Und wer überhaupt keinen Plan mehr hat, der werfe zur Erleichterung einen Blick in die Statistik:
«Ein Drittel aller Ferienwohnungen in der Schweiz steht mehr als 48 Wochen pro Jahr leer, ein weiteres Drittel ist 44 bis 48 Wochen jährlich ungenutzt.» Da steckt Erholung drin, und Aussicht auf dieselbe sollte man sich auf keinen Fall verbauen.

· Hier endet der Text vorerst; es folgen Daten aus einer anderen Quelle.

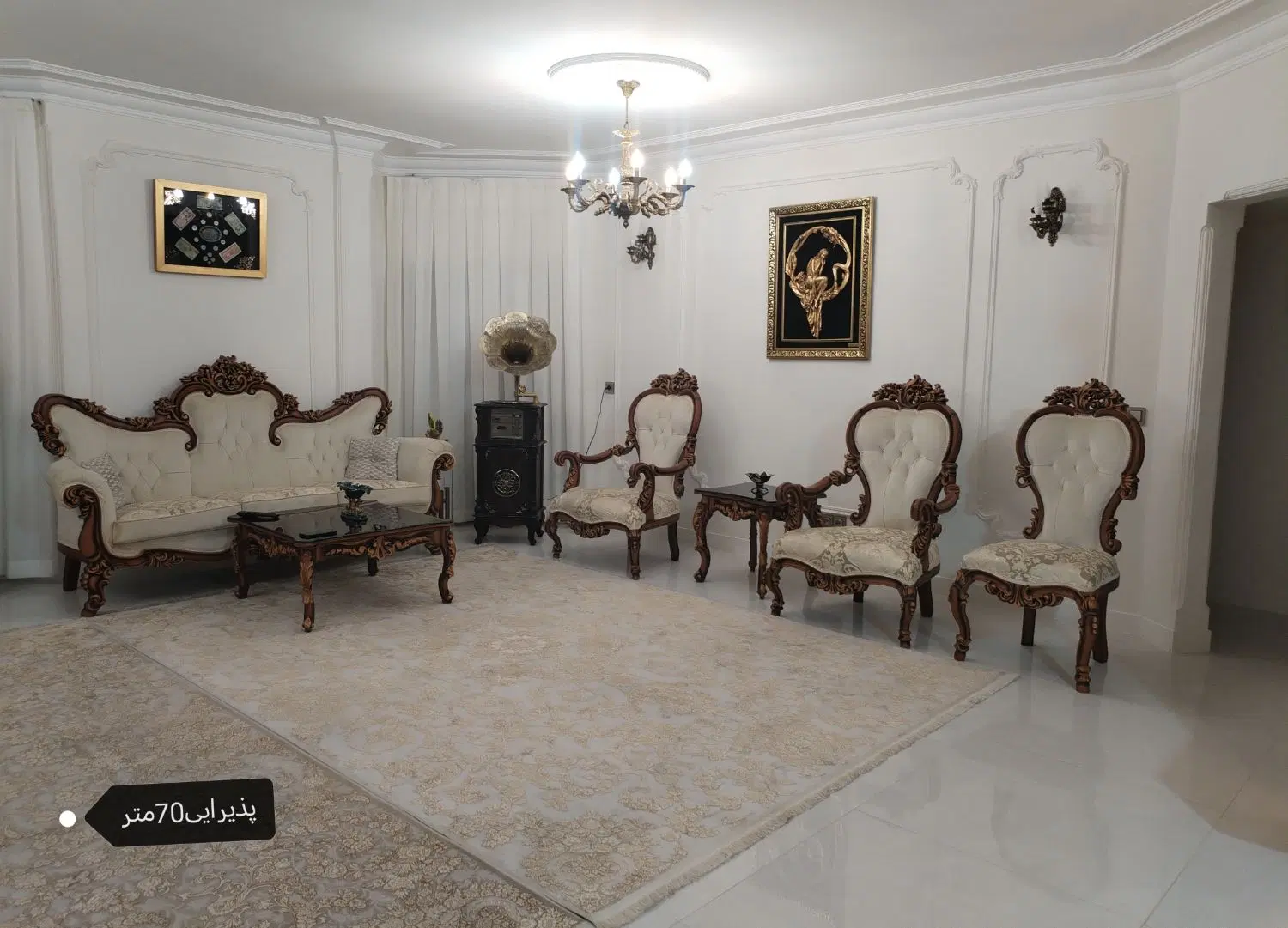آپارتمان، جانباز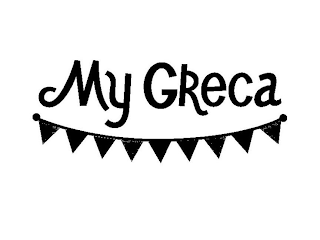 MY GRECA logo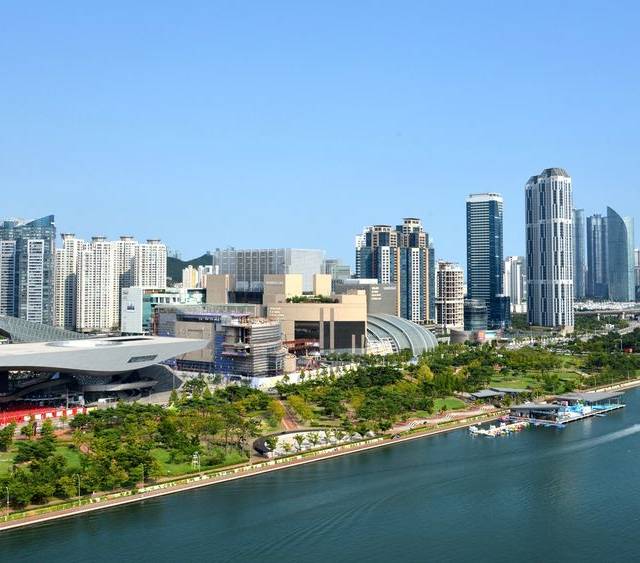 Haeundae in busan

Aus Frankreich kommt ein Sprichwort, das besagt: «Die leeren Fässer verursachen am meisten Lärm.» Und da Nietzsche meinte, «für den Einsamen ist schon Lärm ein Trost», gibt es nur eines. Lasst uns mehr Ferien machen und Wirtschaft wieder als das betrachten, was sie laut griechischen Ursprungs ohnehin ist und immer war: Ein Gasthaus, in dem fröhlich eingeschenkt wird. Der ideale Raum für Leib und Seele, denn: «Dort in der Kneipe in unserer Strasse, da fragt dich keiner, was du hast oder bist.»
In diesem Sinne: Leert die Fässer, hoch die Tassen!
Iammas! Skol! Wohlsein! PROST!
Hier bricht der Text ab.